### What to work on
Below are entries. Copy exactly the lines running from the line that holds "Remington Hepburn Falling Block .38 x 1 3/4" to the line that holds "Palace of Westminster Tea Cosy", with both ends included.

### Records for the exercise
>>
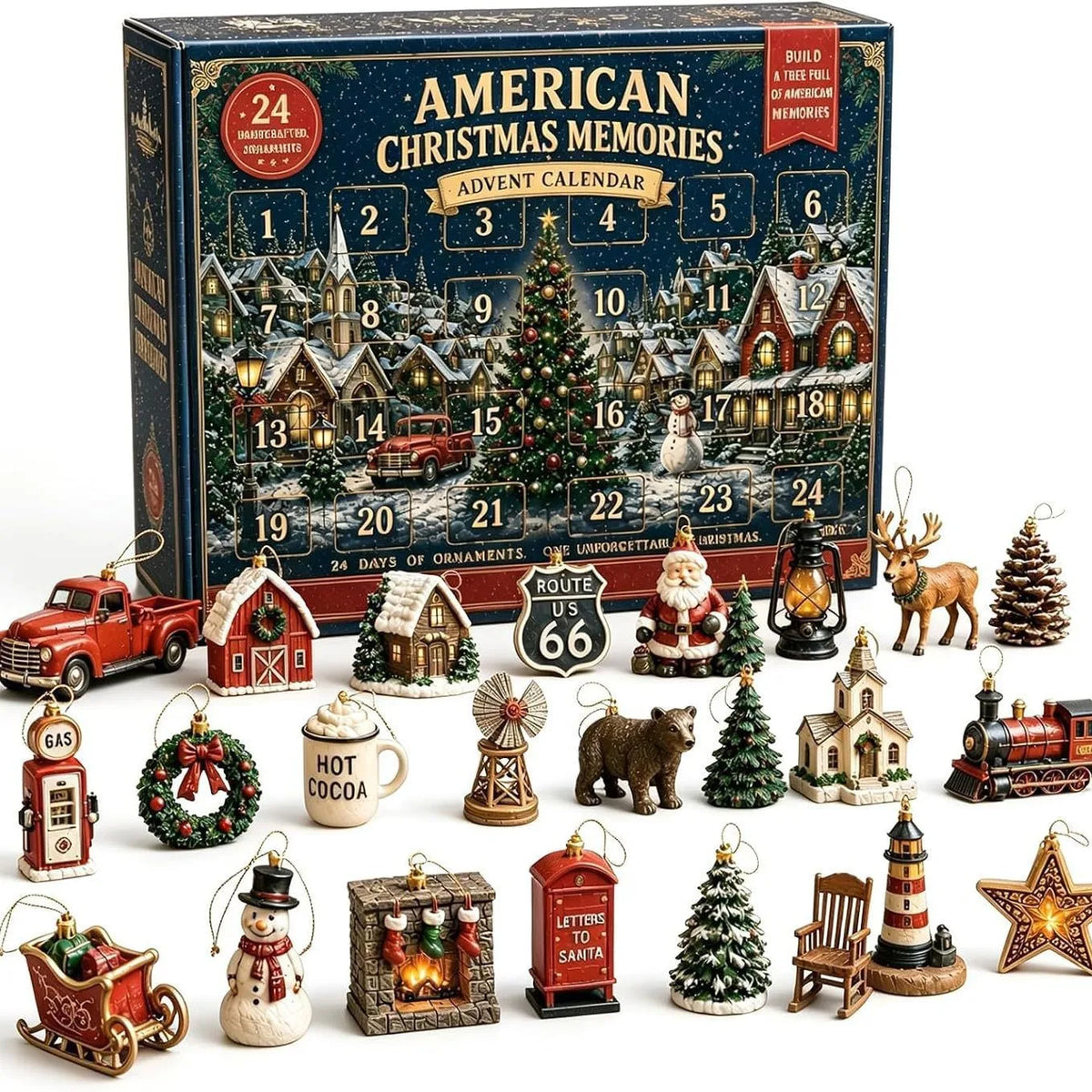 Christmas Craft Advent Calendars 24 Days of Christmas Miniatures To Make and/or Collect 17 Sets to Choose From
<<
>>
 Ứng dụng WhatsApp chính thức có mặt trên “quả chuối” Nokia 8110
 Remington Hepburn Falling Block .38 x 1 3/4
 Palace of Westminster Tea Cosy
<<
### Solution to the problem
 Remington Hepburn Falling Block .38 x 1 3/4
 Palace of Westminster Tea Cosy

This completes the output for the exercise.